It’s the last full day of Spring, if you measure that season’s departure by the arrival of the Summer Solstice. Of course, it hasn’t felt like Spring for a month now. My area is on track for another record high number of 90+ degree days, and the moderate drought is visibly taking its toll on the vegetation, tall and small.
All Spring, we’ve been watching the cottontail rabbits grow. Here’s one of the teenager bunnies. I call her Betty, but she may be a he, in which case I’ll call him Benny.
The bunnies are fenced out of the vegetable garden. They are free to hop about the yard dining on clover and plantains, which seem to be their favorite food groups. They follow me to the vegetable garden in the morning, watching with what I imagine to be longing as I slam the gate tight behind me, their noses wiggling at the smell of well-watered vegetables. I have no sympathy. They seem to be growing quite fat on the greens I have ceded to them. Why the hawks and owls haven’t found them, I cannot say. These bold bunnies dine openly on the hillside, often accompanied by the calls of Red-Shouldered Hawks.
My neighbor’s pond has yielded a bumper crop of newly emerged toads — both American Toads and Fowlers Toads. For two days, you couldn’t walk in parts of our yard without nearly stepping on a frantically hopping tiny toad. For reasons known only to toad minds, they loitered in our driveway. To avoid a squished toad disaster, I spent a morning scooping them into a bucket and carting them into the vegetable garden. I moved over two dozen, and I think most of them are enjoying their new digs. I spot them resting under squash leaves and beneath basil when I conduct my daily vegetable inspections.
Our little ornamental pond up front is also yielding newly metamorphosed amphibians. The Copes Gray Tree Frogs have been emerging in small groups every few days. Early this final Spring morning I spotted this newly emerged amphibian getting its bearings atop one of our daylilies — Brocaded Gown.

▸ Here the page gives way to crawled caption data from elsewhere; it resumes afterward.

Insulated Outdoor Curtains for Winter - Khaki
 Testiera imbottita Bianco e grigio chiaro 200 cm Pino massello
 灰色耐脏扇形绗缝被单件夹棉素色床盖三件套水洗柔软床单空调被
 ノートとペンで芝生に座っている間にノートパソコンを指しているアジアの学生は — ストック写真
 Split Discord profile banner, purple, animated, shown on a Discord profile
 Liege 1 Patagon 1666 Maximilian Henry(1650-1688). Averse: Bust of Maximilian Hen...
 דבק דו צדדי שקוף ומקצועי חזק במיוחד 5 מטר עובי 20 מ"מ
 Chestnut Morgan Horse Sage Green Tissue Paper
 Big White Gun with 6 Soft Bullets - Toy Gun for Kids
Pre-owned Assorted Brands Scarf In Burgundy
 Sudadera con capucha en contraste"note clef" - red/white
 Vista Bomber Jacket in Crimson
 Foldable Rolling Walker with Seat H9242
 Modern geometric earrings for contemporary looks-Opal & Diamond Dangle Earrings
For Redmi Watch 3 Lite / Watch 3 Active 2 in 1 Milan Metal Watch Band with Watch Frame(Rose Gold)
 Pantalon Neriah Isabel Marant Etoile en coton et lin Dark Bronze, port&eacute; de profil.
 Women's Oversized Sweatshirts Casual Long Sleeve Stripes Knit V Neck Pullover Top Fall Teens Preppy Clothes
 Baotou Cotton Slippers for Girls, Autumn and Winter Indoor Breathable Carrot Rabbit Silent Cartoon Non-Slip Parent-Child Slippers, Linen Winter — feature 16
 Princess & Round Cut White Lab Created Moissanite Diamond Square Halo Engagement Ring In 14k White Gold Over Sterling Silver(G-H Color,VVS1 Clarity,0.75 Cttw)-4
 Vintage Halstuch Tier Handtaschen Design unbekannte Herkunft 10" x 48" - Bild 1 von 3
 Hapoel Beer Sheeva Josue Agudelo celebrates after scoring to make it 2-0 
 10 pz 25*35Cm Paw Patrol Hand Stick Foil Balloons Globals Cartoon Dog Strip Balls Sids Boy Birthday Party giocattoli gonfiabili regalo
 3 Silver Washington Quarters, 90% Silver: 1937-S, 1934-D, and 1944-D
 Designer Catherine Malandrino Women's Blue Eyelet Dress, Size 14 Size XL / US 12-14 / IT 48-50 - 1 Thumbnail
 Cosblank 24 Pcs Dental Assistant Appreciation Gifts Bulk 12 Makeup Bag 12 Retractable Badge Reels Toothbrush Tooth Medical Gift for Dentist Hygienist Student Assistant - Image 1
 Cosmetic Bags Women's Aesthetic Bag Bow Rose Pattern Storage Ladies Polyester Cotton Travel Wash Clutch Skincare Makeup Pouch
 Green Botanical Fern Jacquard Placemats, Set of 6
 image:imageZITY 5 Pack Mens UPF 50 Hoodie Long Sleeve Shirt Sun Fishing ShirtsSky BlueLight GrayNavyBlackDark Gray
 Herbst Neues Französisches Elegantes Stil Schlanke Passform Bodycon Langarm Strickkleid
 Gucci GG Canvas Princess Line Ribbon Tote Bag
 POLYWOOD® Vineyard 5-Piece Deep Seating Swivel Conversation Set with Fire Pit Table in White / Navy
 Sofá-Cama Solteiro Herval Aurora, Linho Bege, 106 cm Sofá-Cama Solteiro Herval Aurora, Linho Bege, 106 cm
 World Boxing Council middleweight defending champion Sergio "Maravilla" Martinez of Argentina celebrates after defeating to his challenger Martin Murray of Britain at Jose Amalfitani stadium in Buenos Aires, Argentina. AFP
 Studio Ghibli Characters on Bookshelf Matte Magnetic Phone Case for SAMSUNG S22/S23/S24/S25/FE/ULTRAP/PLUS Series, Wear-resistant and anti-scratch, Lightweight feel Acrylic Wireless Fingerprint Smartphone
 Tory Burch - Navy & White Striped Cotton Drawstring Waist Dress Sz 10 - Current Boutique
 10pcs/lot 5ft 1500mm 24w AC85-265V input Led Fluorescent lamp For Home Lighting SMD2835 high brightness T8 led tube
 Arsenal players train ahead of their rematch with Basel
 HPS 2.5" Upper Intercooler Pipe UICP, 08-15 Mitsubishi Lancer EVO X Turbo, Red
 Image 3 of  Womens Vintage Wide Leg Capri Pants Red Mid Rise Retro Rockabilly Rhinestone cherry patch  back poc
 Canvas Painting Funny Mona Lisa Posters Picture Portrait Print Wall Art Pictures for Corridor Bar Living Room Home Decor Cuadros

And here’s another froglet — apologies for the fuzzy picture — that shows it still has a bit of its tadpole tail. That’s not unusual on these newly emerged frogs; about a third of them often sport at least a bit of tail when they first leave their birth ponds.
The new life that surrounds me — be it bunnies, amphibians, or acorns — salutes Spring’s boundless enthusiasms. As searing Summer settles upon us, that enthusiasm will become endurance — if we’re lucky. If Summer’s dry grip is too tight, death counts will rise, and we will all be left panting in the dust, begging clouds for raindrops.